There are times when whitebait is all over a particular flat you’re on but for some unknown reason, they just won’t come to your chum. You can use a gallon of menhaden oil, but all that happens is big shiny schools of four-inchers are moving under your boat at 100 knots. You can see the schools moving, but you can’t get them to eat. If this happens, first try a sabiki. If those don’t work either, try a technique we call “run-and-gun”.
- Have one person (the runner) run the boat slowly, while the person throwing the net (the tosser) is on the bow.
- Pick a pattern you’re going to move the boat — probably identical to a drift pattern for the same flat, but with the boat motoring slowly rather then drifting.
- Slowly run the pattern. The tosser, who is on the bow, should watch the water for bait. That person is the only one who can see the bait. Remember that :) The runner cannot see them.
- As soon as the tosser sees the bait, he or she yells “Now!” or “Stop!” and immediately throws the net.
- The runner stops the engine, and, depending on tide and wind, even puts the engine in reverse.

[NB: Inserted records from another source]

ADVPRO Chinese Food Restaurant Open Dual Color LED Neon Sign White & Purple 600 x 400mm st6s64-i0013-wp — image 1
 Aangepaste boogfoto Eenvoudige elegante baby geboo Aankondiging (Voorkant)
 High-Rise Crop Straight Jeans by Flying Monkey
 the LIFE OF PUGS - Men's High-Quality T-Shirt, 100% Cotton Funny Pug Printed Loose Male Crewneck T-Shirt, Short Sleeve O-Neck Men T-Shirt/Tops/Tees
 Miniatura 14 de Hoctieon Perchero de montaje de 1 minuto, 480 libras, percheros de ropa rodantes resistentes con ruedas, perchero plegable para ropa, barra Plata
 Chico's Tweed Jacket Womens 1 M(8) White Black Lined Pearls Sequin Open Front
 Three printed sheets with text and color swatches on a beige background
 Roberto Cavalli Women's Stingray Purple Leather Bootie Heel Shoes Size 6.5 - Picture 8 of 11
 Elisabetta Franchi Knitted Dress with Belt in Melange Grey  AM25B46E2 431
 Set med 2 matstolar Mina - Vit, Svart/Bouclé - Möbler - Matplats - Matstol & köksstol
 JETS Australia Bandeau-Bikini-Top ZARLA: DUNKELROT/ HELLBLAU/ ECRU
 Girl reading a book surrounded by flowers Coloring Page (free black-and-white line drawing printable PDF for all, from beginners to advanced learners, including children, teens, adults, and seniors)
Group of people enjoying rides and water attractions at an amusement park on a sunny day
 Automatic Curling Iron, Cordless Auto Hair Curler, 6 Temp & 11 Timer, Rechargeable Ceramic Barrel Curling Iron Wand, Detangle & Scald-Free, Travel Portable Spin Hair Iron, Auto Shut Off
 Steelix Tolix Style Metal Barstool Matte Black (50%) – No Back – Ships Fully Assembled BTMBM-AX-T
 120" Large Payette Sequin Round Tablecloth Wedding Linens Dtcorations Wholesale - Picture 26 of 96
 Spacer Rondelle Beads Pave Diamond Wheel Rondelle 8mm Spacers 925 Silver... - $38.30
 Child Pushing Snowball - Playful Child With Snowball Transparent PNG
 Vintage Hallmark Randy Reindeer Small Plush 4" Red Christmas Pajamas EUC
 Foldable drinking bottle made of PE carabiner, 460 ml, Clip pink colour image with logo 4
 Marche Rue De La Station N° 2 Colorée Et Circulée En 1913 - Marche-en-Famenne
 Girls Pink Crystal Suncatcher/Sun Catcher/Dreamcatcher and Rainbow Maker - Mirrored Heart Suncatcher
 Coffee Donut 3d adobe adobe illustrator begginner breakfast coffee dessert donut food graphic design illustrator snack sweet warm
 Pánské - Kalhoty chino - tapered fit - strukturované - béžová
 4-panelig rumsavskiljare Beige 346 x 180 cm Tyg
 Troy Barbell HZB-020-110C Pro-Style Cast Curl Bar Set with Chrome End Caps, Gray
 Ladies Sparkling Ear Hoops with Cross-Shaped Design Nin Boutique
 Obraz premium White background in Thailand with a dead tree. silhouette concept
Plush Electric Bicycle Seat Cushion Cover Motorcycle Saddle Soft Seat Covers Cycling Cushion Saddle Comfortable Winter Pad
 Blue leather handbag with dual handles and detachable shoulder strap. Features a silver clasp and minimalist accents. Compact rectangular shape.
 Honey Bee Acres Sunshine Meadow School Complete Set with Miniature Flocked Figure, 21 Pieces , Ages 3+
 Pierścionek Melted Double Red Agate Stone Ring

Two things are important to watch for: which side of the boat the tosser saw the bait, and where the net was thrown (front, alongside, or slightly behind). If all is done right, and the timing between tosser and runner is accurate, the net will open and not be mis-shaped by the boat pulling it in the wrong direction. It’s well worth the effort to learn, and sometimes is the only way you’ll net bait. It does take practice to do it right, though, and even with experience the toss and the boat’s movement don’t always sync as planned.